I get my pads from a guy on eBay in bulk. They are cheaper and better. I was talking to a guy at the LFS yesterday (not a hack place like Petco, mind you) and he said he got a new Pro III to replace his 2028 and was thinking of going back to the ProII 2028. He said my best bet was to get another 2028. They were selling them for $350 w/ media- NOT. I just ordered one last night from Drs FosterSmith for $210 w/o media. I dont need the media anyway.
He said the ProIII has an issue with the slide adjuster binding and breaking.


----------



## niko (Jan 28, 2004)

It all comes down to filter volume and the flow through it. For an exceptional filter you would do best to get the simplest and best canister and attach a pressure rated pump to it. A huge clear plastic, high quality, canister can be bought for about $140. A pressure rated Japanese extermal pump, ultra quiet can be bought for about $140. For $280 no commercial filter comes even close.

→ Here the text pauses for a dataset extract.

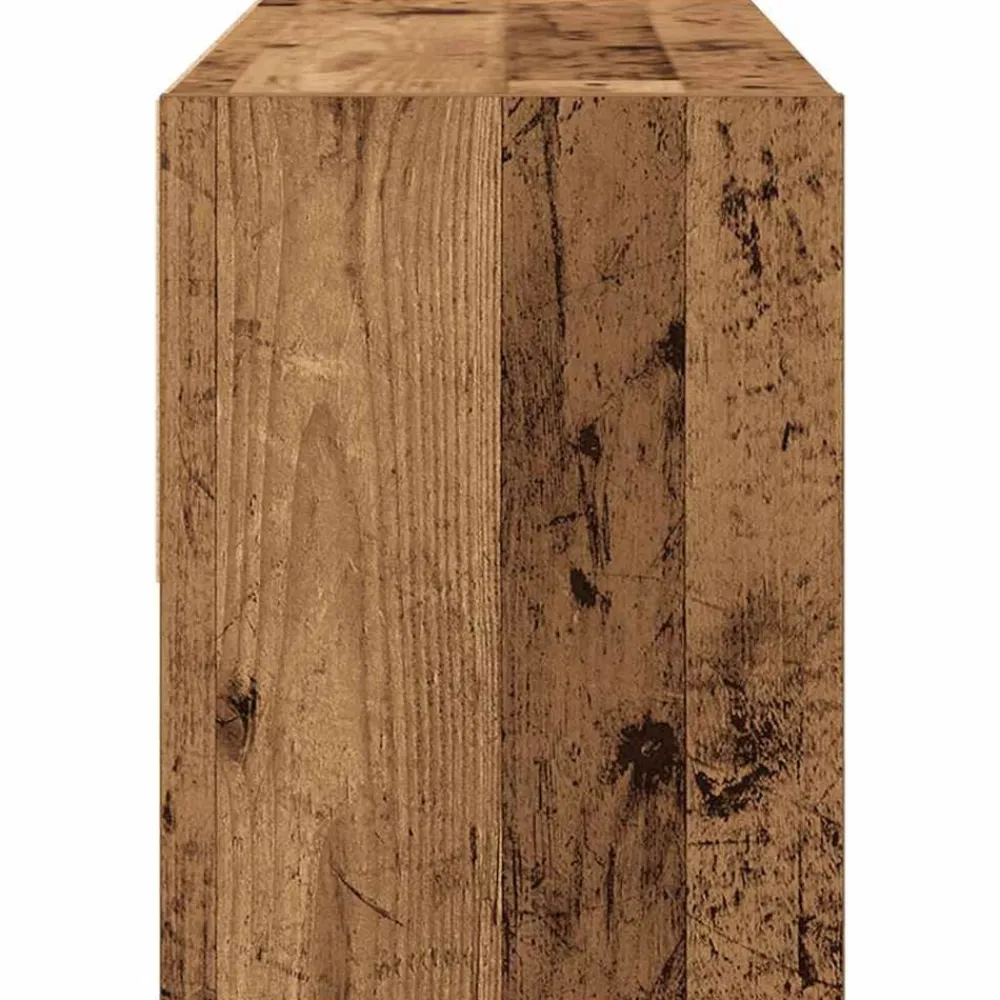 vidaXL Productos Del Hogar-Zapatero apilable madera vieja 89,5x30x40 cm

http://www.marineandreef.com/Nu_Clear_Model_506_Inland_Seas_p/ris00506.htm
http://www.amazon.com/s/ref=bl_sr_kitchen?_encoding=UTF8&node=1055398&field-brandtextbin=Pan World

Media - if you are using filter pads you probably do not know what ADA does and how it does it. There is no point in denying they know what they are doing and why not emulate it. Biomedia (lava rock) is all you need and they have proven it for years now.

I wonder if anyone has tried these filters?
http://www.aquatraders.com/Odyssea-CFS4-Canister-Filter-p/42044.htm

What is the quality of the plastic used to make these things? Are they heavy duty or flimsy like Eheim's housings?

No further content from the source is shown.